Brief - Transcribe the entries below exactly, starting with the line that has "景觀, Apartments by" and stopping after the line that has "Rawlings For Sale"; no pictures belong in the copy.

Records for this task -
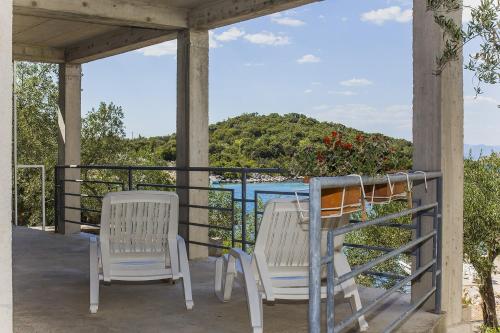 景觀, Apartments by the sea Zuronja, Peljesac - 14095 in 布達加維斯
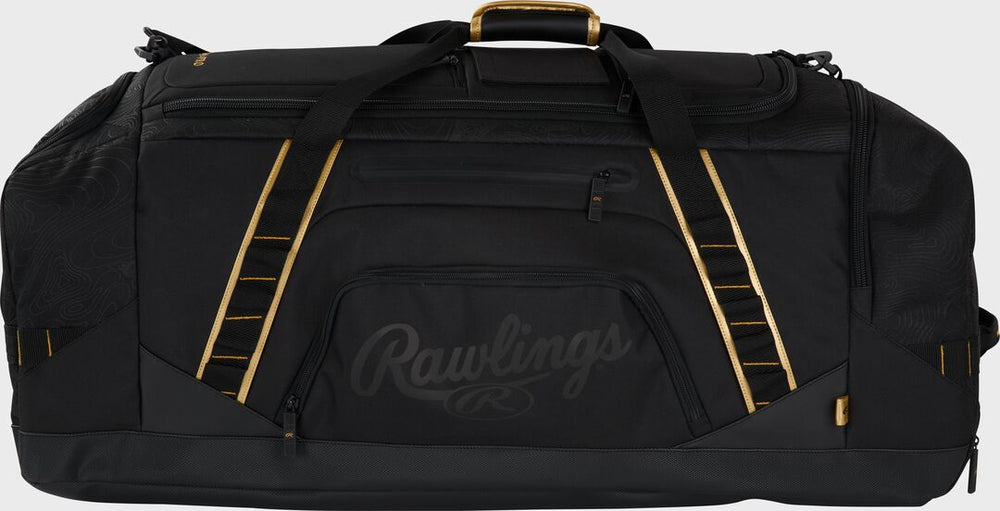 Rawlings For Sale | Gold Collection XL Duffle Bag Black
...
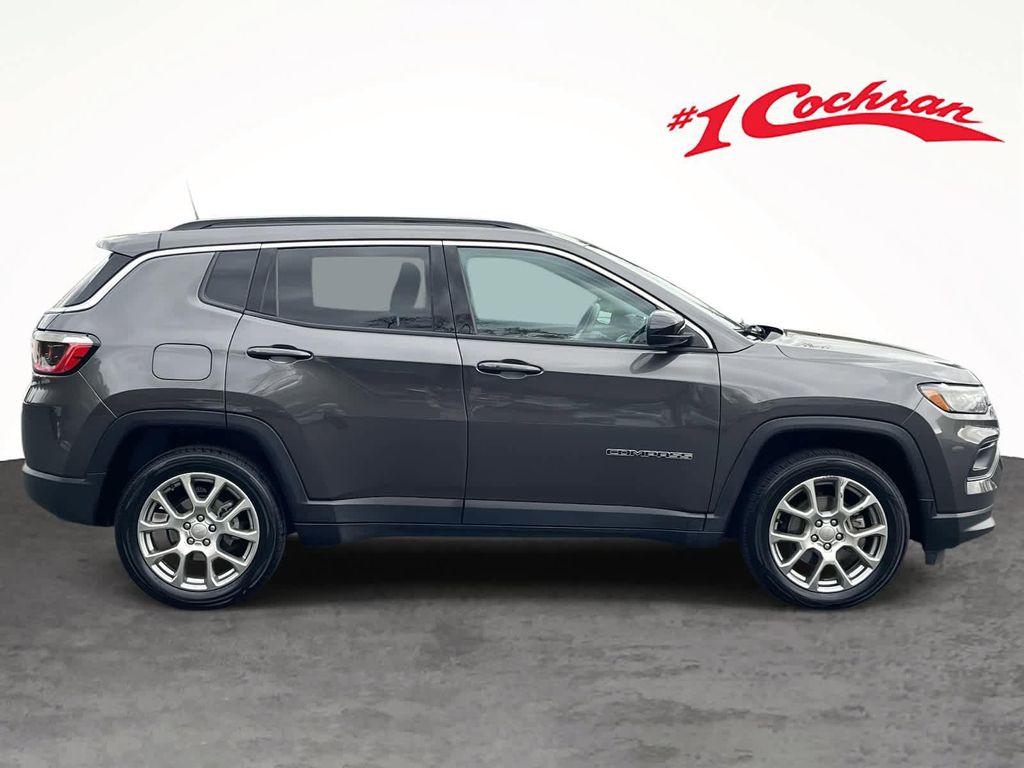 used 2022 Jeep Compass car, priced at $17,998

Solved problem -
 景觀, Apartments by the sea Zuronja, Peljesac - 14095 in 布達加維斯
 Rawlings For Sale | Gold Collection XL Duffle Bag Black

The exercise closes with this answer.